Malam turunnya Al-Qur’an dikenal sebagai Lailatul Qadar, malam yang lebih baik dari seribu bulan, malam ketika takdir manusia ditetapkan dan rahmat Allah tercurah tanpa batas.
Makna Ramadhan bagi Jiwa yang Rindu Allah
Ramadhan adalah madrasah ruhani, tempat hati yang keras dilembutkan, jiwa yang lelah disembuhkan, dan iman yang redup kembali dinyalakan.
Di bulan ini, Allah membuka :
- Pintu rahmat-Nya bagi hamba yang kembali.
- Pintu ampunan-Nya bagi yang bertobat.
- Pintu pembebasan dari neraka bagi yang bersungguh-sungguh.
Rasulullah SAW bersabda : مَنْ صَامَ رَمَضَانَ إِيمَانًا وَاحْتِسَابًا غُفِرَ لَهُ مَا تَقَدَّمَ مِنْ ذَنْبِهِ
“Barang siapa berpuasa Ramadhan dengan iman dan mengharap pahala, maka diampuni dosa-dosanya yang telah lalu.” (HR. Bukhari no. 38 dan Muslim no. 760).
Ramadhan : Jalan Pulang Menuju Allah
Ramadhan adalah panggilan cinta dari Allah kepada hamba-Nya.
Ia datang bukan untuk memberatkan, tetapi mengangkat derajat, menyucikan hati, dan mempertemukan manusia dengan Rabb atau Tuhannya.

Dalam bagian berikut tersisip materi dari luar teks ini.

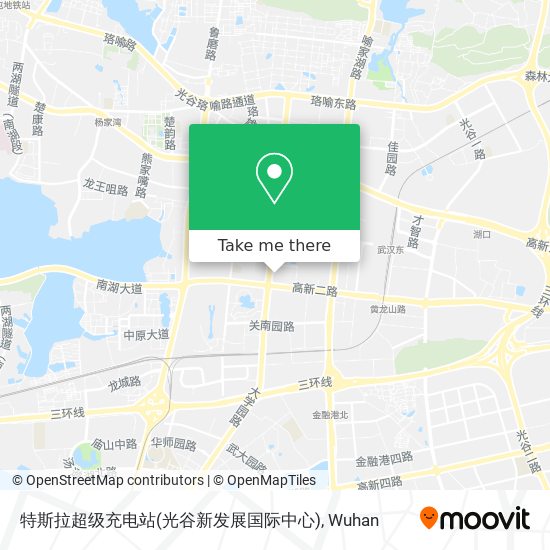 特斯拉超级充电站(光谷新发展国际中心) map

Bagi jiwa yang rindu ampunan, Ramadhan adalah harapan.
Bagi hati yang terluka, Ramadhan adalah penyembuhan.
Bagi insan yang tersesat, Ramadhan adalah jalan pulang.
Untuk itu, jangan biarkan Ramadhan berlalu tanpa perubahan.
Selamat Menunaikan Ibadah Puasa
Jadikan ia saksi taubat kita, saksi sujud kita, dan saksi air mata kita di hadapan Allah. (red)
Editor/Publish : Antonius Sitanggang
Renungan :
Ramadhan bukan sekadar bulan, ia adalah rahmat yang hidup.